Saturday, October 17, 2015

Russia and the World Wide Web

Roland Oliphant writes at the telegraph,
Russia has run large scale experiments to test the feasibility of cutting the country off the World Wide Web, a senior industry executive has claimed.

The tests, which come amid mounting concern about a Kremlin campaign to clamp down on internet freedoms, have been described by experts as preparations for an information blackout in the event of a domestic political crisis.

Andrei Semerikov, general director of a Russian service provider called Er Telecom, said Russia’s ministry of communications and Roskomnadzor, the national internet regulator, ordered communications hubs run by the main Russian internet providers to block traffic to foreign communications channels by using a traffic control system called DPI.

The objective was to see whether the Runet – the informal name for the Russian internet – could continue to function in isolation from the global internet.
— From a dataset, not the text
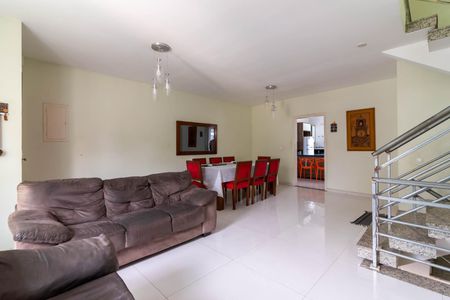 Casa à venda com 177m², 3 quartos e 6 vagasSala de Estar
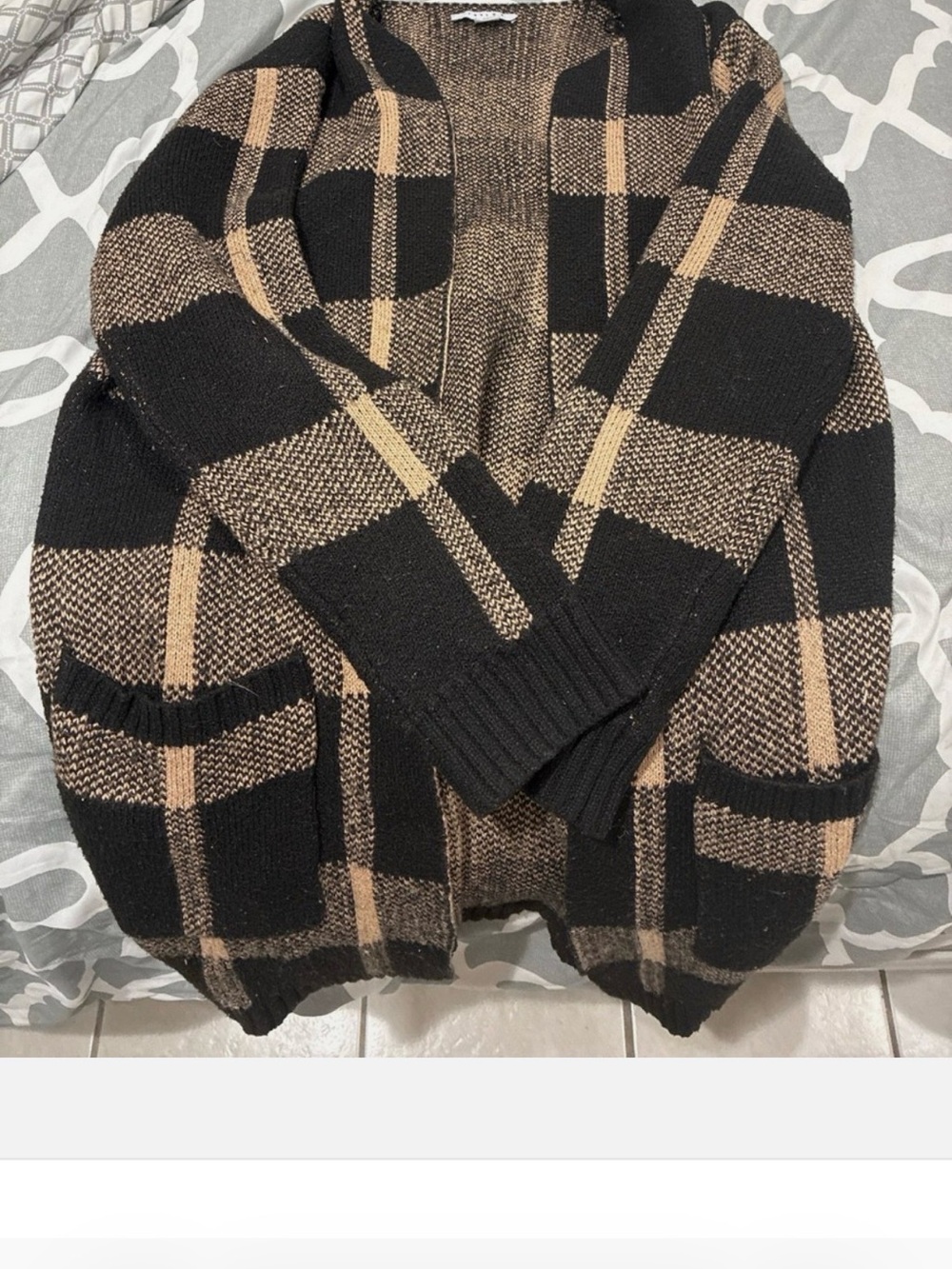 Cozy Plaid Open-Front Cardigan Sweater - Black & Tan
The experiment, which took place in spring this year, failed because thousands of smaller service providers, which Roskomnadzor has little control over, continued to pass information out of the country, Mr Semerikov said.

... Legislation to date includes blacklisting of websites deemed “extremist” or harmful to children, making bloggers with more than 3,000 daily readers subject to the same restrictions and regulation as newspapers and television, and requiring internet companies to move all servers containing data on Russia citizens to Russia.

Critics said the extremism and child protection laws are so loosely worded they can be applied arbitrarily. Sites banned under the extremism law include the website of Gary Kasparov, the chess champion and Kremlin critic, grani.ru, an opposition news website, and the blog of Alexey Navalny, an anti-corruption campaigner and vociferous critic of Mr Putin.